We’ve added a lot of monitoring dashboards for administrators, especially for large instances with lots of projects:

* Global usage summary

* Data size per connection

* Tasks running on the Hadoop and Spark clusters and per database

* Tasks running in the background on DSS

* Authorization matrix for an overview of all effective authorizations

### Other notable enhancements[¶](https://doc.dataiku.com/dss/latest/release_notes/3.0.html#other-notable-enhancements "Permalink to this headline")

#### Project import/export[¶](https://doc.dataiku.com/dss/latest/release_notes/3.0.html#project-import-export "Permalink to this headline")

When exporting a project, you can now export all datasets from all connections (except partitioned datasets), saved models and managed folders. When importing the project in another DSS design node, the data is automatically reloaded.

This allows to export complete projects, including data.

When importing projects, you can also *remap* connections, removing the need to define connections with exactly the same name as on the source DSS instance.

#### Maintenance tasks[¶](https://doc.dataiku.com/dss/latest/release_notes/3.0.html#maintenance-tasks "Permalink to this headline")

DSS now performs automatically several maintenance and cleanup tasks in the background.

#### Improved security model[¶](https://doc.dataiku.com/dss/latest/release_notes/3.0.html#improved-security-model "Permalink to this headline")

We’ve added several new permissions for more fine-grained control. The following permissions can now be granted to each group, independently of the admin permissions:

* Create projects and tutorials

* Write “unsafe” code (that might be used to circumvent the permissions system)

* Manage user-defined meanings

In addition, users can now create personal connections without admin intervention.

The administration UI now includes an authorization matrix for an overview of all effective authorizations

#### API[¶](https://doc.dataiku.com/dss/latest/release_notes/3.0.html#api "Permalink to this headline")

* The public API includes new methods to interact with scenarios and metrics

* The public API includes new methods for exporting projects

#### Data preparation[¶](https://doc.dataiku.com/dss/latest/release_notes/3.0.html#id18 "Permalink to this headline")

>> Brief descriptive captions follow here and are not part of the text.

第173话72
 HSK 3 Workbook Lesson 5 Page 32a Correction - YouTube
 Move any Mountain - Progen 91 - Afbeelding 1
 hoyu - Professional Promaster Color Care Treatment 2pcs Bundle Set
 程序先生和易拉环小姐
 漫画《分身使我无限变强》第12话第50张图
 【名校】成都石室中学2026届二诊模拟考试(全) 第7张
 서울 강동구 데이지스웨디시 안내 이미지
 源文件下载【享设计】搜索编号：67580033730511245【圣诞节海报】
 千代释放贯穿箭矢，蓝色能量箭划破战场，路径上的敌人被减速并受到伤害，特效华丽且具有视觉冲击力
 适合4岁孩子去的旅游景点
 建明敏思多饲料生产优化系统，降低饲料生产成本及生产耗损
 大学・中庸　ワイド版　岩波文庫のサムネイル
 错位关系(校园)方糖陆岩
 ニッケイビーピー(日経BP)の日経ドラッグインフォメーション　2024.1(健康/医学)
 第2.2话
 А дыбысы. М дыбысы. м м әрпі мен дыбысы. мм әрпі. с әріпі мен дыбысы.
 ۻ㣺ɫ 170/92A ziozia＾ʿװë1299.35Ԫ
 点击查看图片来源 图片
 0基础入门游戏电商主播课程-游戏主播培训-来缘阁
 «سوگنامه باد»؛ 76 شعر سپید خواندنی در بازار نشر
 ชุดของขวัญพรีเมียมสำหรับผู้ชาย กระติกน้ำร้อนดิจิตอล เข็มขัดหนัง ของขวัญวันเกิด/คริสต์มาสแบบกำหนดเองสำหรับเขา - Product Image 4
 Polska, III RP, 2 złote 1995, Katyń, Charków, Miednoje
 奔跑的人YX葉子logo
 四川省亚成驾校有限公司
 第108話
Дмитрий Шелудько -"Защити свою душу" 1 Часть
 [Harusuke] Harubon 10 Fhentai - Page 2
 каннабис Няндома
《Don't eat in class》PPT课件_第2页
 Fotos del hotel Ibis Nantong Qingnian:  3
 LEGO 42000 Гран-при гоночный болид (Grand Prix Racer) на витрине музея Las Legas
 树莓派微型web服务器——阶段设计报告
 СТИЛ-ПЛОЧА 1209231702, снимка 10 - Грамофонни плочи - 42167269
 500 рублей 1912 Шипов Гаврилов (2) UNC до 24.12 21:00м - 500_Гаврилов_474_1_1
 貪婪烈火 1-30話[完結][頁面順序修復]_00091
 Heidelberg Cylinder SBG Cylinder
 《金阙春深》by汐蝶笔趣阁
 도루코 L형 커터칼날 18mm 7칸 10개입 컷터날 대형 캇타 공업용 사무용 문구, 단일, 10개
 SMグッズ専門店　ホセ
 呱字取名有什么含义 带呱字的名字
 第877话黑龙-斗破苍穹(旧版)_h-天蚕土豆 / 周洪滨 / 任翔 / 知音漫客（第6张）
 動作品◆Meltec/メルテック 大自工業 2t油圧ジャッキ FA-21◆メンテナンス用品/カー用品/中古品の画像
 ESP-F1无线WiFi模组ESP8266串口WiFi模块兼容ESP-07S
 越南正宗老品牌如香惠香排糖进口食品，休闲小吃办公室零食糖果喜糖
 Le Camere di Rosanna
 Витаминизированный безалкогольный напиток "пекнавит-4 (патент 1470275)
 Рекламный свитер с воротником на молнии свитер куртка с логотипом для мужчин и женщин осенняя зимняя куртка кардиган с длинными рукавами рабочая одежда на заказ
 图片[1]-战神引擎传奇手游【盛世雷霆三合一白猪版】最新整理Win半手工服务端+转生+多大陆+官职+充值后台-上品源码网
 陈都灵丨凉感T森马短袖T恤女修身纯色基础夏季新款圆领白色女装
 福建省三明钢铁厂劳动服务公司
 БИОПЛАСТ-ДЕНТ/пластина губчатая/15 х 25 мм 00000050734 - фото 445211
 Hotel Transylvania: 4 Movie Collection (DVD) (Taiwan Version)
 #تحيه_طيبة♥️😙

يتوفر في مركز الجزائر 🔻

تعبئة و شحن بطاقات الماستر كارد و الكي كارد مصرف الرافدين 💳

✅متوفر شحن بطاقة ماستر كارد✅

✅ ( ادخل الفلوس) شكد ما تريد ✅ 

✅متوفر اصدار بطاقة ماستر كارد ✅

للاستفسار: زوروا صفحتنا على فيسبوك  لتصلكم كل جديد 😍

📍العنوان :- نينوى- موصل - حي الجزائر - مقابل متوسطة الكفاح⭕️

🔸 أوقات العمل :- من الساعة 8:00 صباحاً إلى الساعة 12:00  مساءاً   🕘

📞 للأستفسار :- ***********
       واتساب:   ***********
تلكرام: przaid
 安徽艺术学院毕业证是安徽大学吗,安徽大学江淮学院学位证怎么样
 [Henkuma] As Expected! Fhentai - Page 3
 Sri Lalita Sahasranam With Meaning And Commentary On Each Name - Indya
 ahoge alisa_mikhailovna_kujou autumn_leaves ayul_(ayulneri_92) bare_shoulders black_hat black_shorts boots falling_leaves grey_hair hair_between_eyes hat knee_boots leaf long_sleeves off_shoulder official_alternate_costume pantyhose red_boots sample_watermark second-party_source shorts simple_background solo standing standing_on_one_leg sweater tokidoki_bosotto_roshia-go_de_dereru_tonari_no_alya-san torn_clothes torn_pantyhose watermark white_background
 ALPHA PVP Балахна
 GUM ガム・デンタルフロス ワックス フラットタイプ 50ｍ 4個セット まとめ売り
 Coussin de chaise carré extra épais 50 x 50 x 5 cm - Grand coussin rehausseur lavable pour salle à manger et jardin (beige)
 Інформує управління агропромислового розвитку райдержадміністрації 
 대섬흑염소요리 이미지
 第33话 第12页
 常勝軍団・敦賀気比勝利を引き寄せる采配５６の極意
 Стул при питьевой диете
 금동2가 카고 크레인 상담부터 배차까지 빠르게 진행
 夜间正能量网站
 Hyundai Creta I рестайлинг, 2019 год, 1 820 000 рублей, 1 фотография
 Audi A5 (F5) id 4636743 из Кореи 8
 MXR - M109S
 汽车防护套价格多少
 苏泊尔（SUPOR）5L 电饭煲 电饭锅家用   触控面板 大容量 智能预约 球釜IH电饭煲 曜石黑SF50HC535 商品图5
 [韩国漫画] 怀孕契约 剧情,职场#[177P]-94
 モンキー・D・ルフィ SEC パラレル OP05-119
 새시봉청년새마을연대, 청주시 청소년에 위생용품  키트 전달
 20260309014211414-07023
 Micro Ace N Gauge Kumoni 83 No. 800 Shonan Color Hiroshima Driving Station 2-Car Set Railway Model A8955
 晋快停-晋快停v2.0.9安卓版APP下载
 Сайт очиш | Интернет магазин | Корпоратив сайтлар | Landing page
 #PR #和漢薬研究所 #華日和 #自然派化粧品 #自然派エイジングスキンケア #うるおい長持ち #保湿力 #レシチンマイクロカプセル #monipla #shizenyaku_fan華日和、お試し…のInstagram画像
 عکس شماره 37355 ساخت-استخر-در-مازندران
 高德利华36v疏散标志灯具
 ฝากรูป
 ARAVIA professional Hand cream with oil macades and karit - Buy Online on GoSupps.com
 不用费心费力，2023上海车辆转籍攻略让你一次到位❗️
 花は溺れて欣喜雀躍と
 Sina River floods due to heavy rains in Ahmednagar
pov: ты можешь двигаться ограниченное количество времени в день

* It’s now possible to delete columns based on a name pattern

### Other changes[¶](https://doc.dataiku.com/dss/latest/release_notes/3.0.html#other-changes "Permalink to this headline")

* DSS does not automatically grant Analyst access to the “first analysts group” when creating a project. After the creation of a project, only its creator (and the DSS administrators) can access it by default.